The Mad and Cracked art of John Severin

I’m sure I speak for many when I say that at a young age, Mad Magazine was pretty much my world.



I loved the comic art of Mad, the work of Mort Drucker, Don Martin, Al Jaffee, Norman Mingo (who was practically the magazine’s Norman Rockwell), and many more. 

Although I always thought it was a somewhat inferior distant cousin, I would also read Cracked magazine, and learned to enjoy it as well.

You may also remember the art of John Severin, who worked for both Mad and Cracked. Unfortunately, Severin just passed away at the age of 90.
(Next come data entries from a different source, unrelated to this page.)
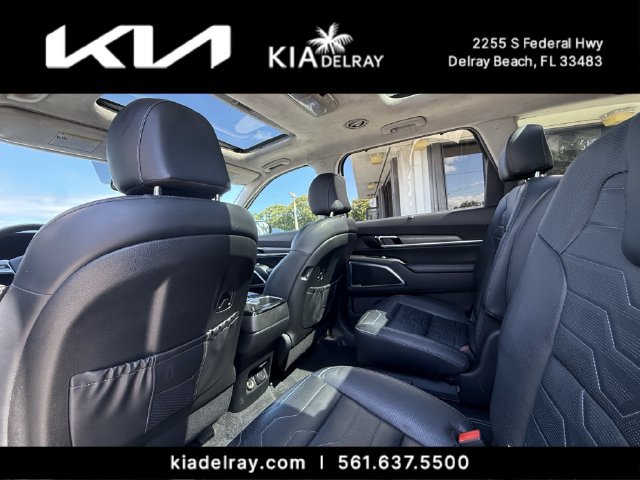 Certified 2022 Kia Telluride SX w/ SX Prestige Package AWD/4WD image 17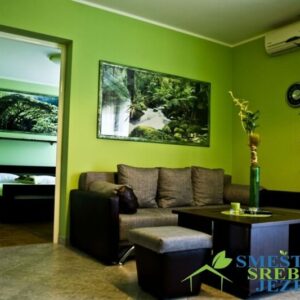 Vila El Barco – Apartmani i restoran Srebrno jezero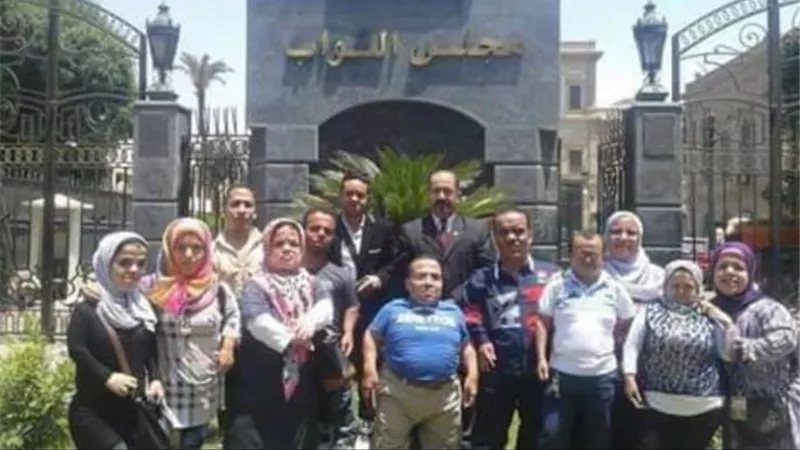 أقزام مصر يناشدون رئيس الوزراء الموافقه على قيادة سيارتهم بأنفسهم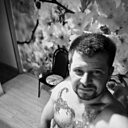 San, 33 года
According to Comics Alliance, Severin went to school with Harvey Kurtzman and Bill Elder, who all started out working for EC. Severin was at Mad magazine from ground zero, and worked for them regularly from 1952 to 1954.

 

Then after leaving EC, Severin went to Cracked, where he worked for some 45 years. As The Onion recalls, Severin worked on Sgt. Fury, The Hulk, Sub-Mariner, and Conan, among others.

Severin kept working late into his life, bringing back the Marvel character The Rawhide Kid, and he also worked on The Punisher, the Dark Horse version of Conan, and Witchfinder.

 

As The Onion notes, “John Severin was one of the last living, working links to the golden age of pre-Code comic books…Early in his career, Severin became renowned for his careful attention detail, his style was less broadly cartoonish and more naturalistic than the other major contributors to Mad, but in his work there as well, he adapted the skillful draftsmanship and talent for creating sharply defined characters to [Mad’s] humorous scripts.”

 

In a statement, Stan Lee also wrote, “The minute you looked at his artwork you knew you were looking at a John Severin illustration; it could be no one else…One of my greatest regrets, as an editor, was the fact that John was so busy doing other things that I couldn’t give him as many assignments as I would have wished.”